En política es un tópico, y como todos los tópicos basado en una verdad, la importancia del manejo de los tiempos. La habilidad, o el don, de dominar la agenda, marcar el compás de los acontecimientos o gestionar la iniciativa constituye un elemento esencial del liderazgo. Templar para mandar, como en los toros o en la vida misma. Aznar presumía, cuaderno azul en mano, de un control hermético de las decisiones y sus plazos. Rajoy disfrazaba de serenidad su alergia a los riesgos, y en vez de dirigir los tiempos dejaba que gobernaran ellos hasta que los problemas, como el de Cataluña, se le acababan pudriendo. Zapatero aceleraba los ciclos con arrogancia de visionario y la única vez que quiso frenarlos, en la crisis de 2010, resultó arrollado. Sánchez, que también blasona de su tino en la elección de los momentos, ha cometido un error de medida en Murcia -¡¡en Murcia!!- que puede arruinar la arquitectura de su mandato. Ese delicado juego de las siete y media, pasarse o no llegar, requiere observación, pensamiento de largo alcance, intuición táctica… y suerte. Y aun así ocurre a menudo que la realidad impone su propio calendario, desmorona previsiones, exige respuestas, estropea cálculos, malogra estrategias.
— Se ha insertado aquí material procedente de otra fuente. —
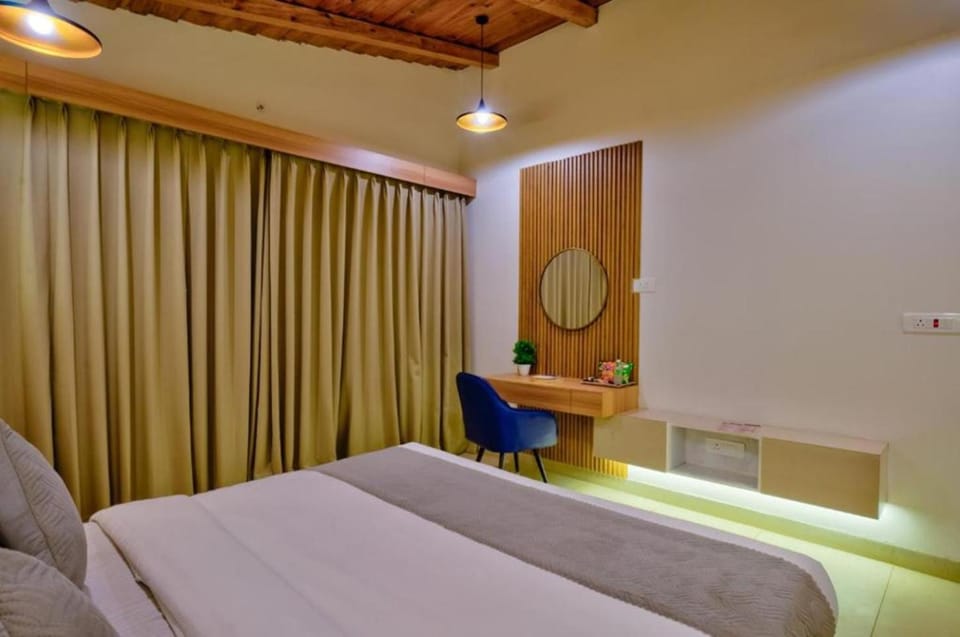 Angel Pink Resort With A River Access Hotel in Uttarakhand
Es lo que está sucediendo con el Covid. No obedece, no respeta prioridades, no espera. Enmanuel Macron, obligado a confinar por enésima vez la región parisina -12 millones de habitantes, el 31 % del PIB francés-, se ha resignado. «El virus es el dueño de los tiempos», ha dicho antes de decretar el cerrojazo. El presidente galo también se jactaba de su dominio sobre los relojes de la política: olfato, finura de análisis, firmeza, tacto. Nada. La pandemia sólo atiende sus propias reglas. También lo ha entendido Mario Draghi, que no ha aceptado el mando en Italia para plegarse al electoralismo de los partidos ni para ser el más popular de la clase. Ha llegado como solución de emergencia, no piensa presentarse candidato y tiene manos libres para ordenar nuevas limitaciones drásticas de movilidad hasta que la inmunidad avance.

Los dirigentes españoles, en cambio, han decidido ignorar la realidad y seguir como si el virus no existiera, anclados en sus proyectos ideológicos, sus juegos de poder, sus obsesiones, sus ocurrencias. Las últimas, una ley de Eutanasia cuando la epidemia se lleva por delante a decenas de miles de ancianos que no han pedido a nadie que les alivie el tránsito, y una relajación general de las restricciones mientras media Europa advierte indicios de la cuarta ola. Aquí los tiempos los marca la propaganda, de espaldas a los hechos objetivos, a contraviento de la Historia. Y se legisla con desenfado sobre la muerte voluntaria en vez de proteger las vidas amenazadas por la letal rebeldía de la plaga. Ese desprecio al verdadero señor actual de las circunstancias constituye una insensata invitación a su venganza.